Cena 3: Empresário (gestor) – que sempre disse que “não tinha problemas” e que por isso não precisava de assessoria jurídica e, sobretudo, compliance – recebe a notificação da Justiça, “corre atrás” agora de um advogado acreditando que esse “fará milagres” para ganhar a ação.
Cena 4: Advogado cobra o valor normal para uma defesa do tipo, baseado no valor total da ação.
Cena 5: Empresário se espanta com o valor e, com todos os cartões de ponto assinalados exatamente às 17h em mãos, brada: “Mas tudo isso por uma causa ganha?! Olha aqui (apontando para os cartões de ponto), minha empresa faz tudo certinho e tem todos os documentos bonitinhos!”.

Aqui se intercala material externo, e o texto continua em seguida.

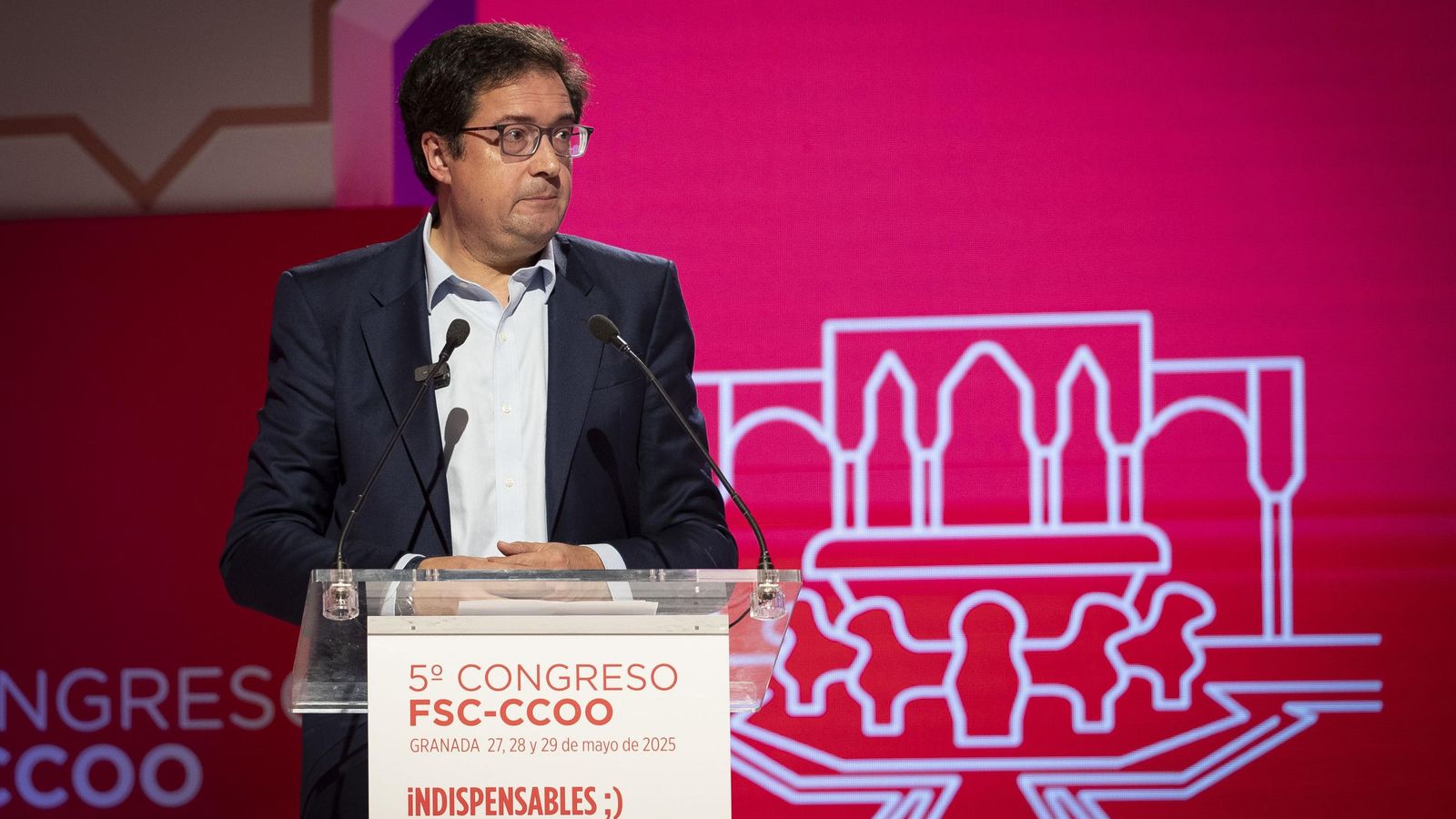 El ministro Óscar López participa en la clausura del V Congreso de la Federación de Servicios a la Ciudadanía de Comisiones Obreras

Cena 6: Advogado, conhecedor do direito do trabalho, ouve todo o relato de como as coisas se davam na empresa e afirma que é grande a chance de ela perder a ação por causa de um princípio jurídico daquele ramo do Direito.
Cena 7: Empresário transtornado com a informação dispara: “Essa Justiça do Trabalho é uma vergonha, por issso que esse país não vai pra frente! Por quê então eu gasto um monte de dinheiro com DP, contador, RH e etc?!”, mas mesmo assim contrata o advogado, que apresenta a defesa junto com os documentos “certinhos” e “bonitinhos” (os cartões de ponto) da empresa.
Cena 8: Na audiência, o ex-colaborador consegue comprovar por outros meios que jamais parava de trabalhar às 17h, ou seja, que todos os dias fazia mesmo hora extra, e que recebia o valor do adicional “por fora”.
Cena 9: O processo todo transcorre até o fim e a empresa “perde” o processo, levando-a desembolsar elevada quantia para pagar a condenação.
E tudo isso aconteceu com a empresa porque o empresário, que achava – como a maioria – que não tinha “problemas” e que ter uma assessoria jurídica era um custo e não uma forma de proteger o “ganha-pão” seu e de sua família, não conhecia (ou nunca se deu ao trabalho de querer conhecer) o “Princípio da primazia da realidade” do direito do trabalho, segundo o qual a realidade dos fatos sempre deverá ser buscada em um processo, e sempre prevalecerá sobre a forma que a representar (documentos) quando forem discrepantes entre si.
Assim, de fato, pode acontecer mesmo de os documentos “certinhos” e “bonitinhos” de uma empresa não valerem de nada em uma ação, o que leva à moral da história (a mesma de artigo anterior): empresário, conheça os princípios do direito do trabalho.